Depuis plus de vingt ans Florent et Nils Aziosmanoff et un peu plus récemment Stéphanie Fraysse-Ripert  et Carine Lemalet gardent un cap, dur à maintenir, celui de la création (et pas seulement de la créativité) dans le domaine du numérique. Le Cube  était déjà un espace spécifique dans lequel on savait qu’en y entrant, on se coupait de la réalité pour mieux y retourner après, armé de nouveaux percepts artistiques et parfois de concepts. Le projet de l’île (que nous décrirons plus en détail dans un prochain post) est un autre programme, dans la continuité du Cube mais sans en être pourtant une simple extension (Nils insiste sur ce point). Le geste architectural focalise probablement trop l’attention (Nouvel en est coutumier) et pourrait nous faire oublier la manière dont cette île sera habitée. (5)

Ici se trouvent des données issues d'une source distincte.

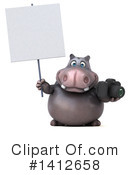 Hippo Clipart #1412658 by Julos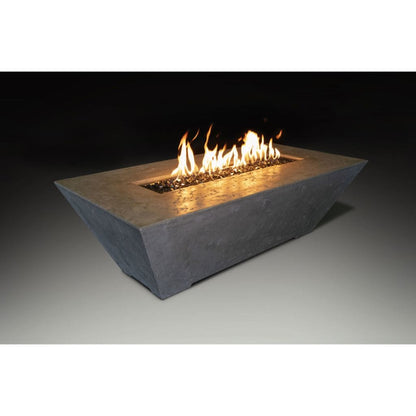 Grand Canyon Olympus 60" x 30" Rectangle Propane Gas Linear Fire Table in Gray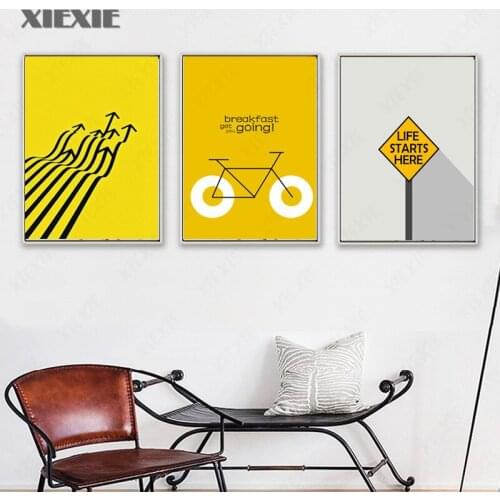 Modern Arrow Letter Sign Minimalist Poster Nordic Canvas Painting Home Decor Wall Print Art Office Living Room Backdrop Picture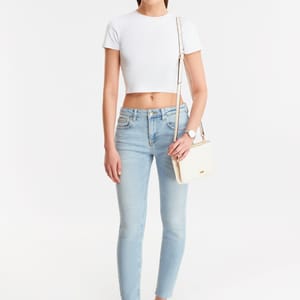 PR179H0KEB11_8.jpg Parigi Women's Beige Shoulder Bag - Shoulder Bags 7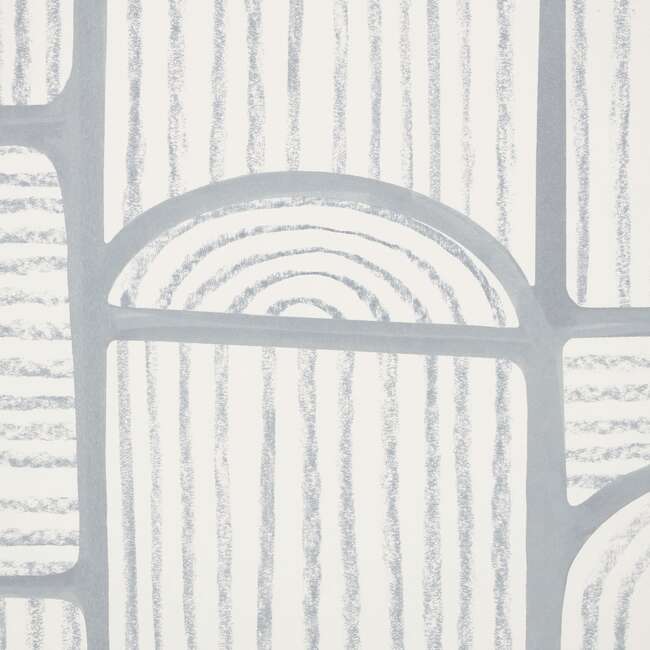 Bloomsbury 10-Yard Wallpaper, Cool Gray - Wallpaper - 4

Après les départs successifs des religieux, des fermiers, des tanneurs, des blanchisseuses puis finalement des ouvriers de Renault, cette île avait perdu ses « habitants ». Espérons qu’elle en trouvera de nouveaux, notamment ceux et celles qui sont, à leur manière et déjà depuis longtemps, des insulaires dans ce monde contemporain : artistes, philosophes, scientifiques… de futurs hétéropologues ? C’est une nécessité pour créer de nouvelles hétéropies dans ce monde atopique du numérique.

 

NOTES

(1)  www.lecube.com

(2) http://fr.wikipedia.org/wiki/Île_Seguin

(3) http://fr.wikipedia.org/wiki/Palazzo_Grassi

(4) Le concept d’hétérotopie a été très largement (et parfois presque abusivement) utilisé pour décrire par exemple les émergences de nouveaux lieux urbains ou de nouveaux réseaux comme l’Internet dans les années 1980-90. Comme tous les concepts de Foucault, il faut s’en servir comme d’un outil pour travailler sur notre réalité, il ne faut pas chercher à y appliquer une grille théorique préétablie mais plutôt s’en servir pour en inventer de nouvelles ! Je l’évoque ici de manière rapide, il faudrait écrire plusieurs texte plus aboutis, appréhendant de manière diversifiée cette notion d’hétérotopie afin d’examiner ce projet d’aménagement de l’île Seguin.

Réf. : Michel Foucault, « Des espaces autres » (conférence au Cercle d’études architecturales, 14 mars 1967), in Architecture, Mouvement, Continuité, n°5, octobre 1984, pp. 46-49. Publié également dans Dits et écrits (Defert, 1994).